DATA EXTRACT below:
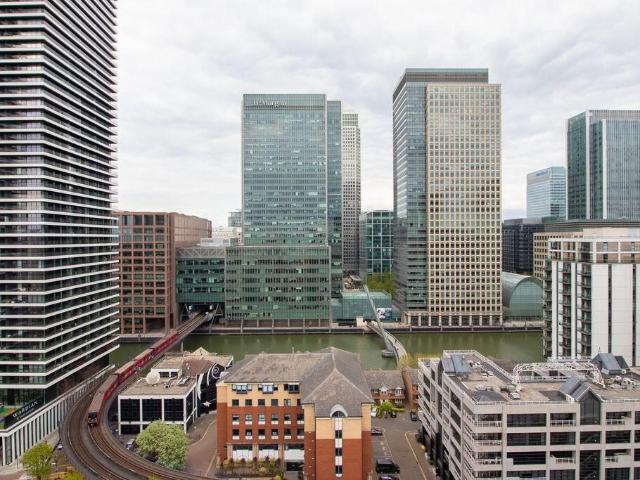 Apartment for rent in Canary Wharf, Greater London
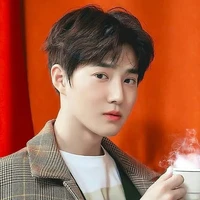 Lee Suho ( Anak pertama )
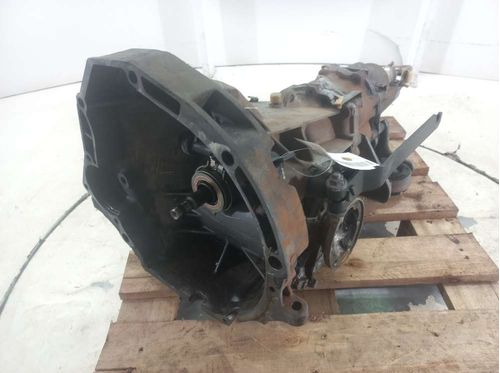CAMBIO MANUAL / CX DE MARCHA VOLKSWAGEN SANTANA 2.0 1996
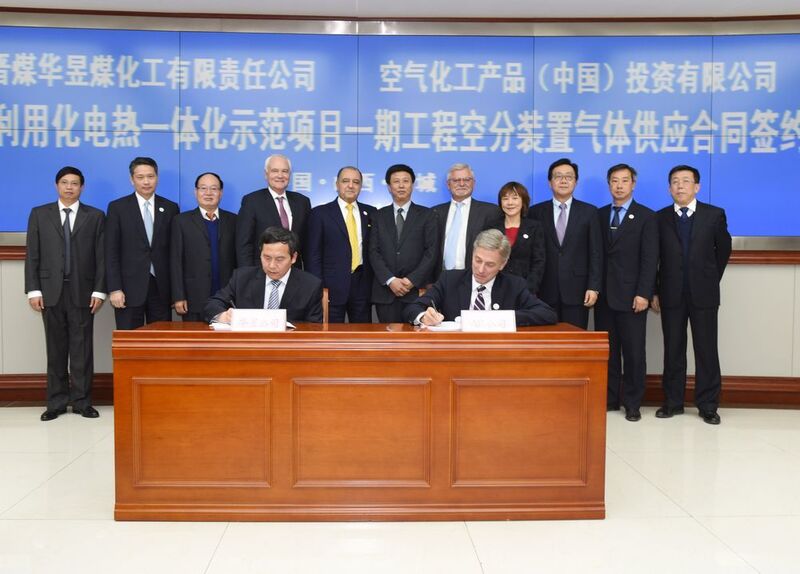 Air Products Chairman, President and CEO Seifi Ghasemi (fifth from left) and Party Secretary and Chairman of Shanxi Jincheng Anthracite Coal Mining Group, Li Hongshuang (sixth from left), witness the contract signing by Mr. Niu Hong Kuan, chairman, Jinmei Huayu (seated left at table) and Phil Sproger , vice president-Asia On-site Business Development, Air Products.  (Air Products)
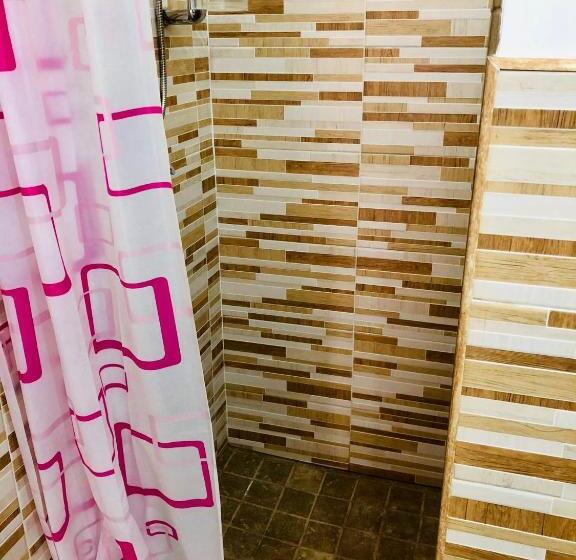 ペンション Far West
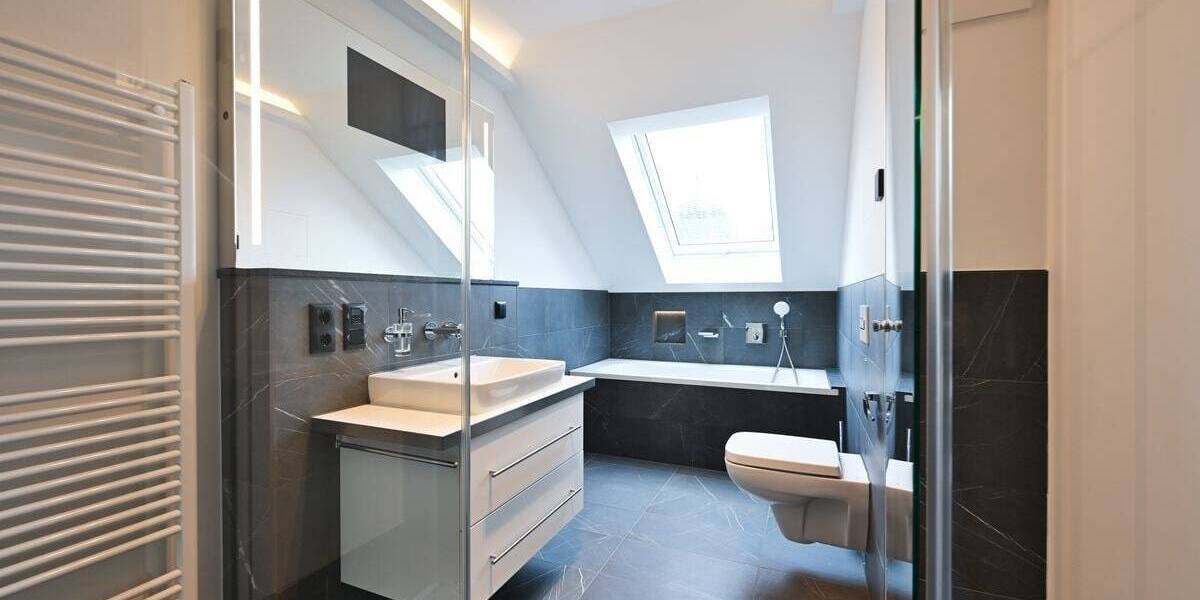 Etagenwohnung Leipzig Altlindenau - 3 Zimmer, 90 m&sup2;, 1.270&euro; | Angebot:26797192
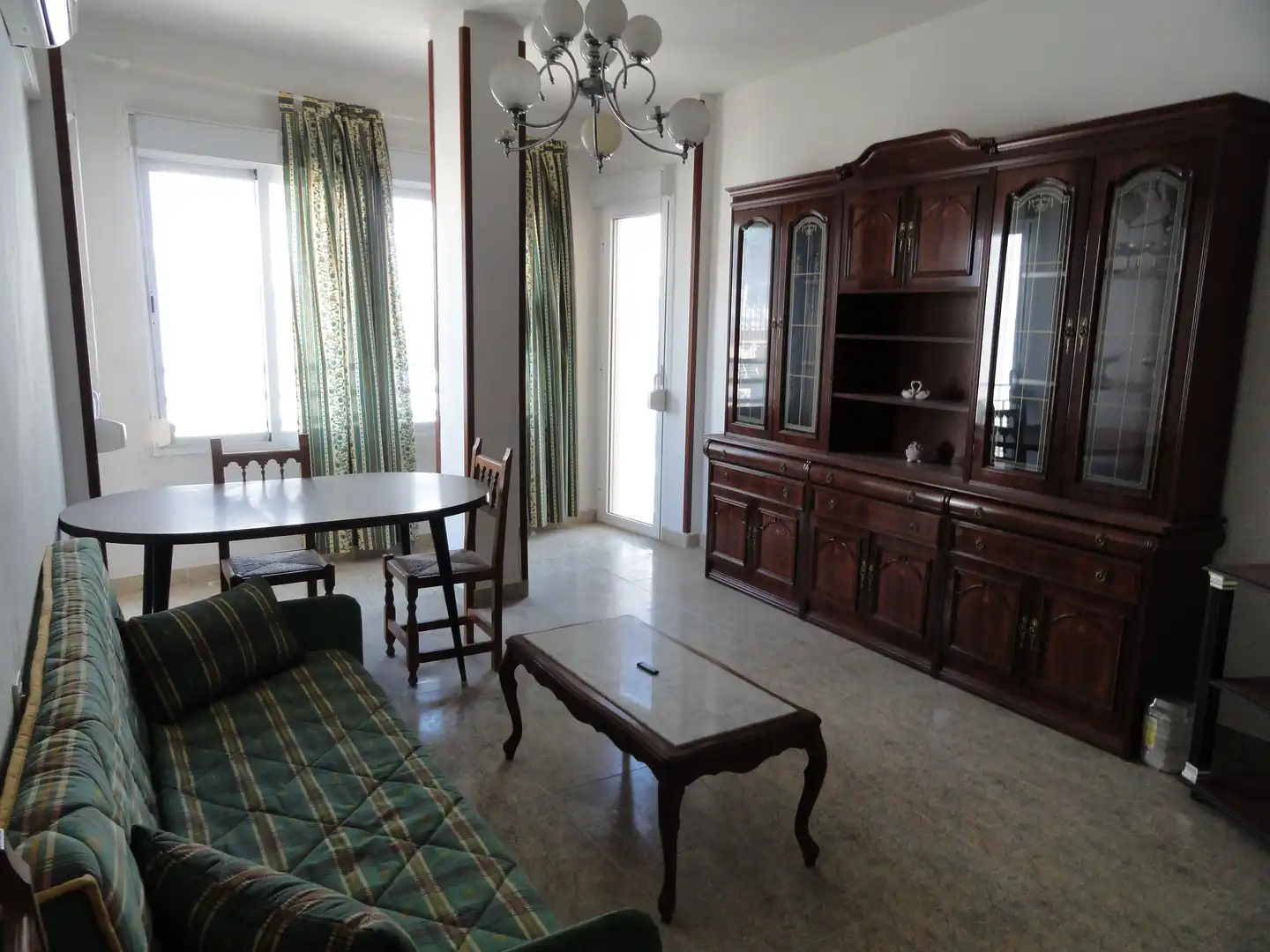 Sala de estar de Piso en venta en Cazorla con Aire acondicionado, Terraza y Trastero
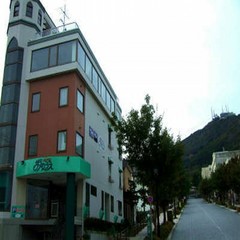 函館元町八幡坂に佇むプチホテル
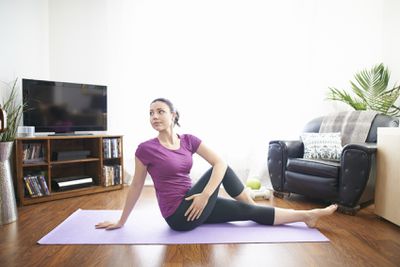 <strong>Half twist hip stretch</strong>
End of DATA EXTRACT.
TASK TO COMPLETE:
When you come to the line containing "函館元町八幡坂に佇むプチホテル" in the records above, repeat that line and all lines after it exactly, but not the pictures.

EXERCISE OUTPUT:
 函館元町八幡坂に佇むプチホテル
 <strong>Half twist hip stretch</strong>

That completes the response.